An employee engages in a protected disclosure when he or she makes a formal or informal communication of information that he or she reasonably believes evidences “any violation of any law, rule, or regulation” or “gross mismanagement, a gross waste of funds, an abuse of authority, or a substantial and specific danger to public health and safety.” 5 U.S.C. § 2302(b)(8)(A). The WPA also protects disclosures that an employee reasonably believes are evidence of censorship related to research, analysis, or technical information that the employee believes is, or will cause, either a “violation of law, rule or regulation” or “gross mismanagement, a gross waste of funds, an abuse of authority, or a substantial and specific danger to public health or safety.” Pub. L. No. 112-199, sec. 110, 126 Stat. 1465 (Nov. 27, 2012). Protected disclosures include those made to a supervisor or to a person who participated in the activity that was the subject of the disclosure, as well as those made “during the normal course of duties of an employee.” Id.; Day v. Dep’t of Homeland Sec., 119 M.S.P.R. 589, 599 (2013).

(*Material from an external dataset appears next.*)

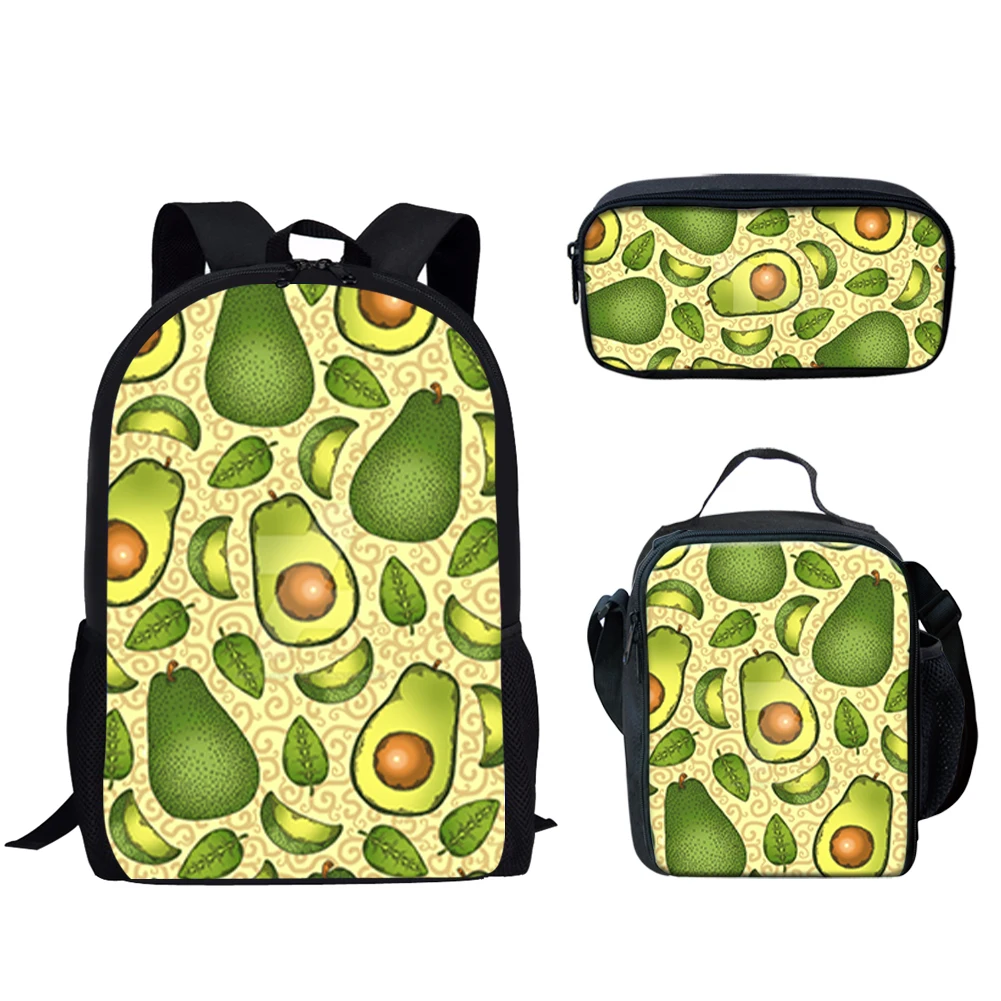 Ensemble de sacs d'école à motif d'avocat vert pour adolescents, sac à dos décontracté, sac à lunch, étui à crayons, garçon, fille, fruit, 3 pièces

The WPA defines a “disclosure” very broadly. See 5 U.S.C. § 2302(a)(2)(D) (“‘disclosure’ means a formal or informal communication or transmission”). The relevant inquiry is whether an employee “reasonably believed” that the disclosure evinces a violation of any law, rule, or regulation; gross mismanagement; gross waste of funds; abuse of authority, or; a substantial and specific danger to public health or safety. See, e.g., Miller v. Dep’t of Homeland Sec., 2009 WL 1445346 (M.S.P.B. May 4, 2009) (employee’s criticisms of new policies were protected disclosures under WPA because he reasonably believed that these policy changes would pose a substantial and specific danger to public safety).

B. Personnel Action

Under the Whistleblower Protection Act, a “personnel action” may refer to:

  1. an appointment;

  2. a promotion;
  3. an action under chapter 75 of this title or other disciplinary or corrective action;
  4. a detail, transfer, or reassignment;
  5. a reinstatement;
  6. a restoration;
  7. a reemployment;
  8. a performance evaluation under chapter 43 of this title or under title 38;
  9. a decision concerning pay, benefits, or awards, or concerning education or training if the education or training may reasonably be expected to lead to an appointment, promotion, performance evaluation, or other action described in this subparagraph;
  10. a decision to order psychiatric testing or examination;
  11. the implementation or enforcement of any nondisclosure policy, form, or agreement; and
  12. any other significant change in duties, responsibilities, or working conditions;
  13. 5 USCA § 2302(a)(2)(A). The list is comprehensive, and covers a wide swath of adverse personnel actions.

C. Contributing Factor

Under the “knowledge/timing test,” an individual may demonstrate that a protected disclosure was a contributing factor to a personnel action through circumstantial evidence, such as evidence that the official taking the personnel action knew of the whistleblowing disclosure and took the personnel action within a period of time such that a reasonable person could conclude that the disclosure was a contributing factor in the personnel action. See Atkinson v. Dep’t of State, 107 M.S.P.R. 136, 141 (2007) (citing 5 U.S.C. § 1221(e)(1)).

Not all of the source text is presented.